PROBLEM TO WORK ON: Repeat every line of the data exactly, but not the pictures.

DATA IN THIS EXERCISE:

===

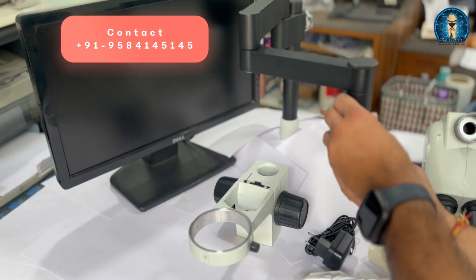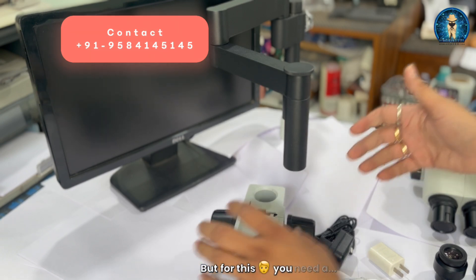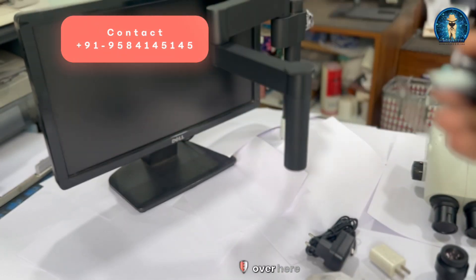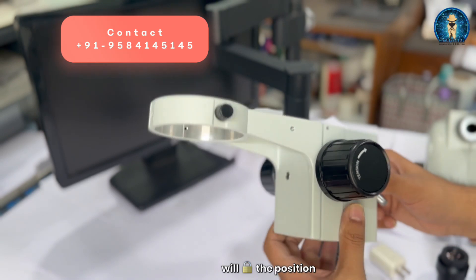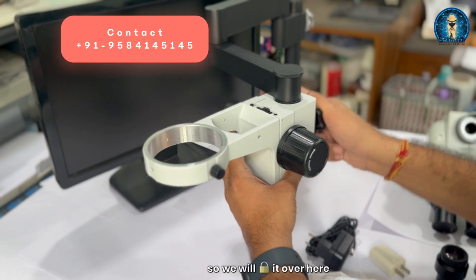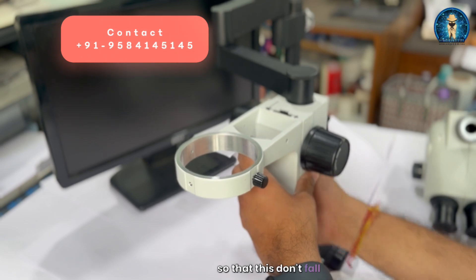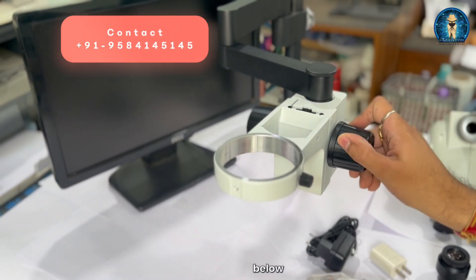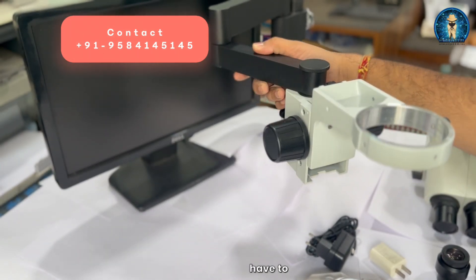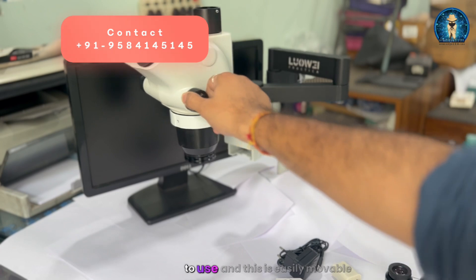Now we have to open the safety knob and place the head over here. For this head you need a holder so it can lock — we have the knob that will go inside and lock the position. We will lock it here and then put the safety locks below so the head doesn't fall. We have placed the safety knob below and our stand is now ready to use.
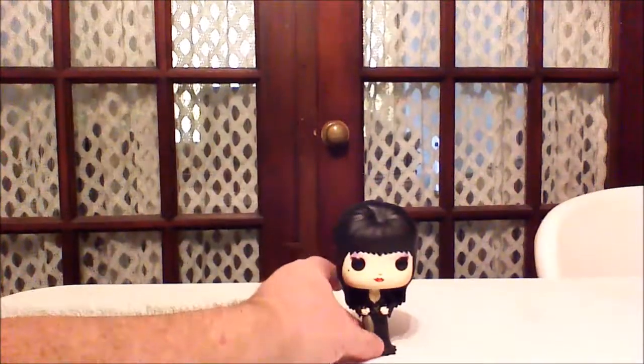Happy Halloween! [Outtake footage: the host expresses frustration off-camera about having accidentally ripped the box while opening it, and states he is not opening another one.]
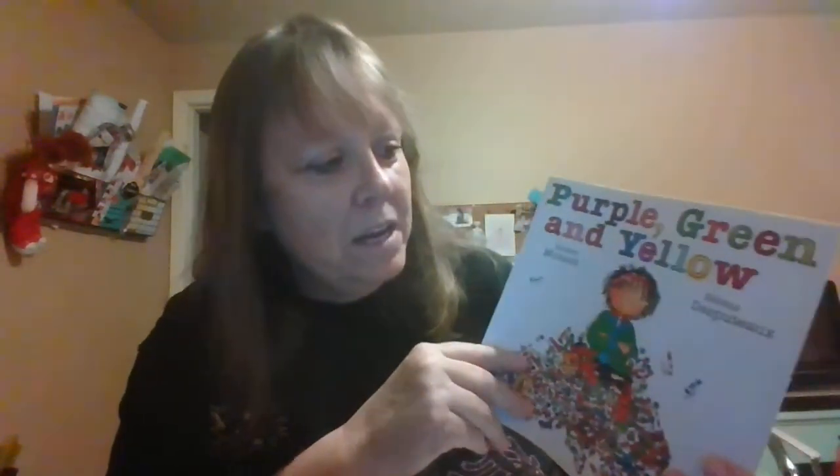Hi guys, I'm back. I'm going to have some fun. I brought a book called Purple, Green, and Yellow. This is a Robert Munsch book — it's written by Robert Munsch. Although most of Robert Munsch's books are illustrated by Michael Marchenko, this one is not, so the pictures might look a little different than you're used to. The illustrator is a woman named Hélène Desputaux.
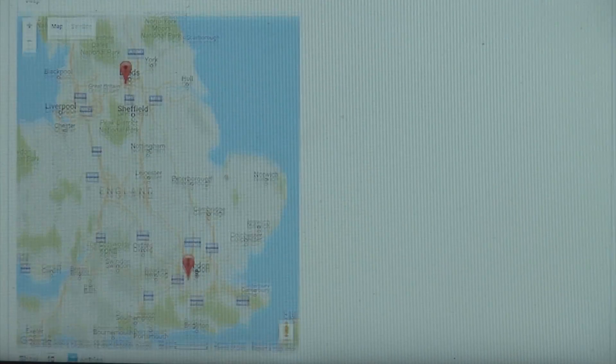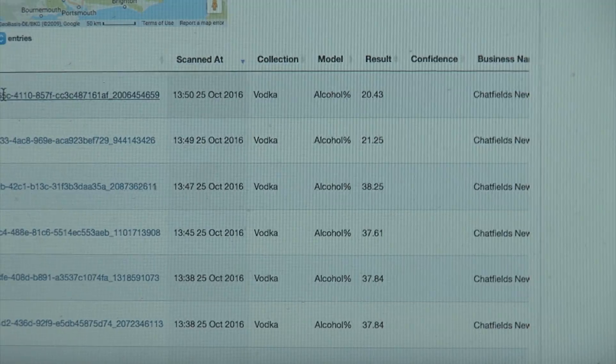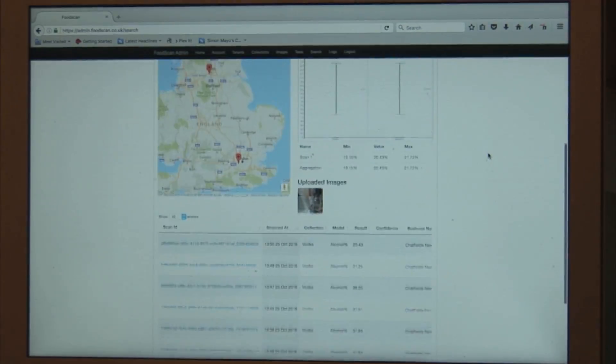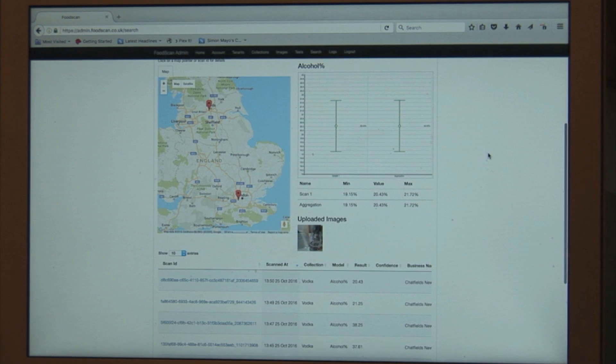The results have already been written to the cloud database. They're plotted onto a map and you can have a look at the test that we have just taken, and you can download the results for further analysis.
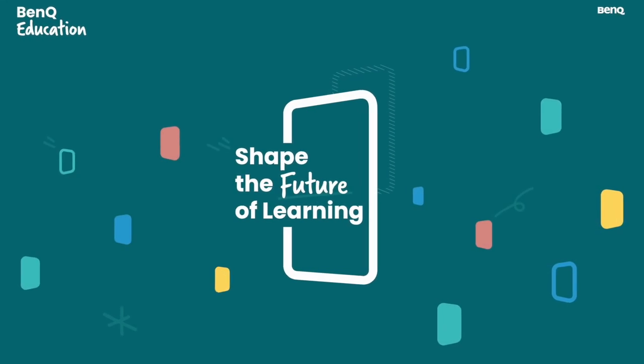Shape the future of learning with the new BenQ board. Whether you want to teach in front of your students or need to record a screen lecture for your students to revisit, the board can adapt to the way you want to teach.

===

RESULT OF THE EXERCISE:
Now we have to open the safety knob and place the head over here. For this head you need a holder so it can lock — we have the knob that will go inside and lock the position. We will lock it here and then put the safety locks below so the head doesn't fall. We have placed the safety knob below and our stand is now ready to use.
Happy Halloween! [Outtake footage: the host expresses frustration off-camera about having accidentally ripped the box while opening it, and states he is not opening another one.]
Hi guys, I'm back. I'm going to have some fun. I brought a book called Purple, Green, and Yellow. This is a Robert Munsch book — it's written by Robert Munsch. Although most of Robert Munsch's books are illustrated by Michael Marchenko, this one is not, so the pictures might look a little different than you're used to. The illustrator is a woman named Hélène Desputaux.
The results have already been written to the cloud database. They're plotted onto a map and you can have a look at the test that we have just taken, and you can download the results for further analysis.
Shape the future of learning with the new BenQ board. Whether you want to teach in front of your students or need to record a screen lecture for your students to revisit, the board can adapt to the way you want to teach.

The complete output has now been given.